In the same year that the English Arctic expedition was despatched, Sir Allen Young determined to see whether it was an open year for passing through the navigable north-west passage discovered by Sir Leopold M’Clintock. This depends upon the winds. If very strong winds from the north have been prevalent, the passage down Franklin Channel is choked with ice and impassable. If this has not been the case, the passage can be made. Sir Allen Young bought the gunboat Pandora from the Admiralty, a vessel built at Devonport for speed, and commissioned by my old friend Ruxton in 1863. She was well strengthened for Arctic work at Southampton. Allen Young bore the expense with some assistance from Lady Franklin and Lieutenant Lillingston, R.N., who went as his chief officer. The second was Navigating Lieutenant Pirie, and an ardent young Dutch naval officer named Koolemans Beynen joined as a volunteer. The Pandora was provided with a steam cutter, which proved very useful, three whaleboats, and four other boats.

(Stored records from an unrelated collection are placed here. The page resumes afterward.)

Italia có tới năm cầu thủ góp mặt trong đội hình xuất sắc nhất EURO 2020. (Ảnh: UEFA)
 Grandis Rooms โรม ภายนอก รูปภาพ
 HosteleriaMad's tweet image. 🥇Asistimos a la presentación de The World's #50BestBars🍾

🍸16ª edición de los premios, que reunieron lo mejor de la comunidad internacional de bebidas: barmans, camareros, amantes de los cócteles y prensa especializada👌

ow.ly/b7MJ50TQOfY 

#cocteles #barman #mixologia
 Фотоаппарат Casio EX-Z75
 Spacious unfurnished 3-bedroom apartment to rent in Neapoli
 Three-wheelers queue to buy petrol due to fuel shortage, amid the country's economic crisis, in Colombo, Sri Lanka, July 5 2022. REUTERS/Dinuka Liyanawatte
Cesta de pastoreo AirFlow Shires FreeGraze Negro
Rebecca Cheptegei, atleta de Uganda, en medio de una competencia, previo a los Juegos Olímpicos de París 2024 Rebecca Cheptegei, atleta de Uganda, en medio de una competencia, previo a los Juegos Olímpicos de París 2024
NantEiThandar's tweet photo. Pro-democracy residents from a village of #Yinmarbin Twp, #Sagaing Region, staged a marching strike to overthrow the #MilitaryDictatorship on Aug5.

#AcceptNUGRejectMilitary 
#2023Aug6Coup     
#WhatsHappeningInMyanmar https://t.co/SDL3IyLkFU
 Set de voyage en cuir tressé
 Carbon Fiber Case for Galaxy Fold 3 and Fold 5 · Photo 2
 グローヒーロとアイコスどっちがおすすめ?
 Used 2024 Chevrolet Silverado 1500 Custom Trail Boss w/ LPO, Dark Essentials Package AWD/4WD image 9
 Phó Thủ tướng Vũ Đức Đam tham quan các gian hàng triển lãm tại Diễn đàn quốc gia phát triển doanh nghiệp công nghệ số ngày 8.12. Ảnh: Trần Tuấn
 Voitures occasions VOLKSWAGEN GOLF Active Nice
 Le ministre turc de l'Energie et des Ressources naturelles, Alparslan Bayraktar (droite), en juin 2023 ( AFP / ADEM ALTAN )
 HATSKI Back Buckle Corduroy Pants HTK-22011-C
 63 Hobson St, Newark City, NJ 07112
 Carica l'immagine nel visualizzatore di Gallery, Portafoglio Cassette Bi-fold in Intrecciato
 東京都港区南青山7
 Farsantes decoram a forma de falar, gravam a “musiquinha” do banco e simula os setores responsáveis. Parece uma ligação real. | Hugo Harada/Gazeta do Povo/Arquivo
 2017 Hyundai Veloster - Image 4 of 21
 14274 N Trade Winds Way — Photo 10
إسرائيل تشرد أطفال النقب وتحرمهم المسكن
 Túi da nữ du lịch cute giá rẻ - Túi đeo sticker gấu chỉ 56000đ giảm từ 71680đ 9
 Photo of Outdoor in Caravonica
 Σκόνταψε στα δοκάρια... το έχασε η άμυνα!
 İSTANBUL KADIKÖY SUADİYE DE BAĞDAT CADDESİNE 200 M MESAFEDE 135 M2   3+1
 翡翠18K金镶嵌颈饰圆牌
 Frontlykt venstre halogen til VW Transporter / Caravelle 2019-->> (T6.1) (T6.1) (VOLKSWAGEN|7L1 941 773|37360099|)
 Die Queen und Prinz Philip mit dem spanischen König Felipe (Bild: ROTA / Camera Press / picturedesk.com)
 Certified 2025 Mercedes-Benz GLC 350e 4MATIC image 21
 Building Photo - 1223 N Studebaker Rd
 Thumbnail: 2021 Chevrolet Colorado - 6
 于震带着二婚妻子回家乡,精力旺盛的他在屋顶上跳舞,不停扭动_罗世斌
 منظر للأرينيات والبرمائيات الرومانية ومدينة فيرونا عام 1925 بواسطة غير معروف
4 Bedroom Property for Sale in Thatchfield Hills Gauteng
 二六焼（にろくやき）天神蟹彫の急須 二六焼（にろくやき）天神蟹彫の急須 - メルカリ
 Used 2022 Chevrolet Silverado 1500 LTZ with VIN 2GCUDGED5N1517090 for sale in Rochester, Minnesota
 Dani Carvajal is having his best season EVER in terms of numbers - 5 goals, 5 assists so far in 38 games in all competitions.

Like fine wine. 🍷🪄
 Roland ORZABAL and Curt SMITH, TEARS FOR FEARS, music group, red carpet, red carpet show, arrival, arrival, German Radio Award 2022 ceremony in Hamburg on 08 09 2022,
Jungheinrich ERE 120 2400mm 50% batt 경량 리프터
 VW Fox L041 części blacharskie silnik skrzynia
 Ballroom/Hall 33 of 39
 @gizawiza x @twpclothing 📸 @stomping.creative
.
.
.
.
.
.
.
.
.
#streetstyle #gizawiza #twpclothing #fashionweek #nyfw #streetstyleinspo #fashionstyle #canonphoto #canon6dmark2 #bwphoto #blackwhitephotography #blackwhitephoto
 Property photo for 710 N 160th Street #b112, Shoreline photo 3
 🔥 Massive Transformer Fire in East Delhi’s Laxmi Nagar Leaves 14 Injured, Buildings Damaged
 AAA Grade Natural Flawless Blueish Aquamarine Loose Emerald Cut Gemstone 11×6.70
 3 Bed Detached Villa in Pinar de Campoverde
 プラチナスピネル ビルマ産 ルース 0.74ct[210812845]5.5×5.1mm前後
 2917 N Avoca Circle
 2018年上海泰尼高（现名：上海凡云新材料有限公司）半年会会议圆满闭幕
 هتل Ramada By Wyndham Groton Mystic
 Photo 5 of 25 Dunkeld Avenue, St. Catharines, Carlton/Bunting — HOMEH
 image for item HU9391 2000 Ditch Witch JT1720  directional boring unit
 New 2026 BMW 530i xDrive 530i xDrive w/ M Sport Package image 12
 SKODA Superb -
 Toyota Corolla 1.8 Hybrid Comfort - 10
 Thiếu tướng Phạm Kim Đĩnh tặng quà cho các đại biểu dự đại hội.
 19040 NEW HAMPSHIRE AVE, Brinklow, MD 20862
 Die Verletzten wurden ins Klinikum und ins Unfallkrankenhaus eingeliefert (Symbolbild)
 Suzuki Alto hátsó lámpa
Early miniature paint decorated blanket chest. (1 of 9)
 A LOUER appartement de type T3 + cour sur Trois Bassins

Allen Young paid a very interesting visit to the cryolite mine in South Greenland153 where he found his old ship, the Fox. He took in a supply of coals at Kudlisit in Disco, and was fortunate in passing through the ice of Melville Bay. After leaving letters for the Alert and Discovery on one of the Cary Islands, he proceeded up Lancaster Sound to examine the depôt on Beechey Island. He then went down Peel Sound in very thick weather. He was entering upon his own ground, his discoveries during the journey from the Fox in 1859. Then came a great disappointment. Dense pack ice extended right across the channel near Levesque Island and there was nothing to the southward but solid pack, with a strong ice-blink beyond 72° 14′ N. Cape Bird, the northern portal of Bellot Strait, was distant about 10 miles. Young ascended Roquette Island (about 200 feet) but there was nothing to be seen but unbroken pack extending from shore to shore and he inclined to the belief that the only way was by Bellot Strait. He reluctantly beat to the northward, and by September 7th was clear of Lancaster Sound. He landed again at the Cary Islands and fortunately found letters from the Alert and the Discovery. These he brought home, arriving at Spithead October 16th, 1875.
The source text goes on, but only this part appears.